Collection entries
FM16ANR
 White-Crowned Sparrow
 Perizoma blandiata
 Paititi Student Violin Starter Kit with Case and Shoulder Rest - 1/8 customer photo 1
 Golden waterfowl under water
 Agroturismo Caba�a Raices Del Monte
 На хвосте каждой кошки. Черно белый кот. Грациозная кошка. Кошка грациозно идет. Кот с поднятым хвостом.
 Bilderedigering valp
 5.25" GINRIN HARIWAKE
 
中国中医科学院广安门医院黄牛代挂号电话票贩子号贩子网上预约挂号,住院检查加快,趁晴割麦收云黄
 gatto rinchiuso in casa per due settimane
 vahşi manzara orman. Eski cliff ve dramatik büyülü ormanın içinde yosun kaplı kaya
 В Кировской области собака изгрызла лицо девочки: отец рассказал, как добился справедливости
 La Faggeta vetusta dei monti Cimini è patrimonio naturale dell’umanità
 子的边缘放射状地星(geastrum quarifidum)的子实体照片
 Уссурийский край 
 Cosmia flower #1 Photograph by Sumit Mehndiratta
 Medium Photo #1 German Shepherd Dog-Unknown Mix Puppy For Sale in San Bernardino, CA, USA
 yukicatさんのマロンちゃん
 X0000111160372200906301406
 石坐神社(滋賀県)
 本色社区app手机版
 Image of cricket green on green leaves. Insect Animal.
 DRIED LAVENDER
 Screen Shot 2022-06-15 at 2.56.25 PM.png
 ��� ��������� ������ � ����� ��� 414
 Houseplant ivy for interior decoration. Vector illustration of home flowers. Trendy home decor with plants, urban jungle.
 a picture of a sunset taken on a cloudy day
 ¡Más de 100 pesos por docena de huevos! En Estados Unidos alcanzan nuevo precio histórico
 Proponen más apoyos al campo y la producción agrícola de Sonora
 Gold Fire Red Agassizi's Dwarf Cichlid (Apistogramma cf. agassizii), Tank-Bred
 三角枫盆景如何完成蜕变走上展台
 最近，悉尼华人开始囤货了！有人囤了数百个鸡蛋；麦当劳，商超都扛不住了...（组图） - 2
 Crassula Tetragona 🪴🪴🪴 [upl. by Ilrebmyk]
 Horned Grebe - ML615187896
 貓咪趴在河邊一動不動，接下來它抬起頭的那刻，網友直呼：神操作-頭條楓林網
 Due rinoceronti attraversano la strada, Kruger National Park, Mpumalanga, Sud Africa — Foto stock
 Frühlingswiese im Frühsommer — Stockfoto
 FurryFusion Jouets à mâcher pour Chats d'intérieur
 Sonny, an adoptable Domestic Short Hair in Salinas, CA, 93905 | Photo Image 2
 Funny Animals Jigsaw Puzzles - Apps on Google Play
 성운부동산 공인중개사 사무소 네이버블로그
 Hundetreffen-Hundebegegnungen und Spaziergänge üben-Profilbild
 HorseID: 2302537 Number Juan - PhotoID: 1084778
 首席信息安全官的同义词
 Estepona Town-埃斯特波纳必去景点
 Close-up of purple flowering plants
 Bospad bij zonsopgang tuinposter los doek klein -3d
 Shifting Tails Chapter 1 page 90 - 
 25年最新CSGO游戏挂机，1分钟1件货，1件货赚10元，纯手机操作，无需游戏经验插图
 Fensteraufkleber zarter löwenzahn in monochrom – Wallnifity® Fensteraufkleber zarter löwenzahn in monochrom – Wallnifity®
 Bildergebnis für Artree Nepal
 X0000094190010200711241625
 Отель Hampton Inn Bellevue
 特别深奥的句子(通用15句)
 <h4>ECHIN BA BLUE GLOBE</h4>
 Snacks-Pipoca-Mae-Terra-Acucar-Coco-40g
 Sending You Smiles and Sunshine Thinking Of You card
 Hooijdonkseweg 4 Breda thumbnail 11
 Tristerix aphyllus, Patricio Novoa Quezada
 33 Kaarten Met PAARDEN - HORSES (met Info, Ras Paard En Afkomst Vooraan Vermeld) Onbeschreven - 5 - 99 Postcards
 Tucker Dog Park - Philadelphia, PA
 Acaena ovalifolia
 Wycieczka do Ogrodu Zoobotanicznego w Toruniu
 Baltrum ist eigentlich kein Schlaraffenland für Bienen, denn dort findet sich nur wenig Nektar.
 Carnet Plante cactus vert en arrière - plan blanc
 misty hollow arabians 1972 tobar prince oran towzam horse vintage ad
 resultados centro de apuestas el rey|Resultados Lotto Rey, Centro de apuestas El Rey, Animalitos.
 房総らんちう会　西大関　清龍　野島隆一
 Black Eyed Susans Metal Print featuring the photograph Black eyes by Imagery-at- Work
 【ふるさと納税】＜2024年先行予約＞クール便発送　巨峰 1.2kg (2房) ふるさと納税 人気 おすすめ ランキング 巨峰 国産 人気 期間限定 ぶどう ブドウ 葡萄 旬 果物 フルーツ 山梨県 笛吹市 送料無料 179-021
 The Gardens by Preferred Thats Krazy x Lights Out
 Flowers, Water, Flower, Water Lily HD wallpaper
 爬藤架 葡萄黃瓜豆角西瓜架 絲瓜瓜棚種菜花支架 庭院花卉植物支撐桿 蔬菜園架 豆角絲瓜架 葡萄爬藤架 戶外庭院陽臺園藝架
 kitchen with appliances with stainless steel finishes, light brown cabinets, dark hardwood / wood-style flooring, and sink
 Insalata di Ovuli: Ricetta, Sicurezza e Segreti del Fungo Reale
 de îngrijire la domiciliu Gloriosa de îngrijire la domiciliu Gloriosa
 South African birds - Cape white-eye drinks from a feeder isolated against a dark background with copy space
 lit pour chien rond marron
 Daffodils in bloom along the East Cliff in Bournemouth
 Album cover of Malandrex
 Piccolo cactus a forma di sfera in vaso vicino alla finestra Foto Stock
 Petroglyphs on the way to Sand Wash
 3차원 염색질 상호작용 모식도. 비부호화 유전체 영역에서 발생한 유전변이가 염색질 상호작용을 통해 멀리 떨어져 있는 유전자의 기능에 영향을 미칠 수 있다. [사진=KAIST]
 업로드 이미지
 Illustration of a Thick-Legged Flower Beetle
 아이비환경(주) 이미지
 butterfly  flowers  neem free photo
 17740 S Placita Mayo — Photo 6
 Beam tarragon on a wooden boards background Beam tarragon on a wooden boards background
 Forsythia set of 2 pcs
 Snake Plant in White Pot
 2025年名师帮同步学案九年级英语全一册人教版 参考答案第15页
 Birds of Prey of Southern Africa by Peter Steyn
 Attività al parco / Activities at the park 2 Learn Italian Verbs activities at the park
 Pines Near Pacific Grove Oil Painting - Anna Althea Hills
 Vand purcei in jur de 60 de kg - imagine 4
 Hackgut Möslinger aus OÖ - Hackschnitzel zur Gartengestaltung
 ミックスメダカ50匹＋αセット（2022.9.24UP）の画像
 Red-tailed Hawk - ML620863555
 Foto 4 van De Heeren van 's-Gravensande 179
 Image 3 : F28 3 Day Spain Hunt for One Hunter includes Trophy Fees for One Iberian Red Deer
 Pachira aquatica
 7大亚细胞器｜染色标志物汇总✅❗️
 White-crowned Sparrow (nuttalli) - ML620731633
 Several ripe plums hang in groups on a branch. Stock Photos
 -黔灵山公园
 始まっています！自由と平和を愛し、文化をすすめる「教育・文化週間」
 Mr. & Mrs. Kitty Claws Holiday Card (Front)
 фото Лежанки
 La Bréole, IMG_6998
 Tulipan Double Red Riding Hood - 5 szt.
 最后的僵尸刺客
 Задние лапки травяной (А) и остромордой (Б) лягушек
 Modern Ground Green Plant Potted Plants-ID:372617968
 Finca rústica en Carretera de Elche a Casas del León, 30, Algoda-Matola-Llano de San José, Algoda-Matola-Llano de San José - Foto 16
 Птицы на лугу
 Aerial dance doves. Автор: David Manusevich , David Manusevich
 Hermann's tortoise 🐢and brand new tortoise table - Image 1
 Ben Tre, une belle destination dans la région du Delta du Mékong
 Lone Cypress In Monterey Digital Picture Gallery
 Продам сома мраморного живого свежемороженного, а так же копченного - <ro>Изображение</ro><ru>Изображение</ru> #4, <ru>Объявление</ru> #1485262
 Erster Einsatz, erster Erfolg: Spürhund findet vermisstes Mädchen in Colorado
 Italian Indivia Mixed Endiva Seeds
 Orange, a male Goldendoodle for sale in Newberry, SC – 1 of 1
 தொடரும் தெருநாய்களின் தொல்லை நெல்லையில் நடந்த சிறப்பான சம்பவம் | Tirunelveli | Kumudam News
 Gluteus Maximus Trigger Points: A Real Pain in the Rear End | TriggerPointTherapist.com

▸ **What you should do**:
Which lines run from the one holding "Отель Hampton Inn Bellevue" through the one holding "Carnet Plante cactus" in the records above? Repeat them exactly, both included, and nothing more.

▸ **Response to this task**:
 Отель Hampton Inn Bellevue
 特别深奥的句子(通用15句)
 <h4>ECHIN BA BLUE GLOBE</h4>
 Snacks-Pipoca-Mae-Terra-Acucar-Coco-40g
 Sending You Smiles and Sunshine Thinking Of You card
 Hooijdonkseweg 4 Breda thumbnail 11
 Tristerix aphyllus, Patricio Novoa Quezada
 33 Kaarten Met PAARDEN - HORSES (met Info, Ras Paard En Afkomst Vooraan Vermeld) Onbeschreven - 5 - 99 Postcards
 Tucker Dog Park - Philadelphia, PA
 Acaena ovalifolia
 Wycieczka do Ogrodu Zoobotanicznego w Toruniu
 Baltrum ist eigentlich kein Schlaraffenland für Bienen, denn dort findet sich nur wenig Nektar.
 Carnet Plante cactus vert en arrière - plan blanc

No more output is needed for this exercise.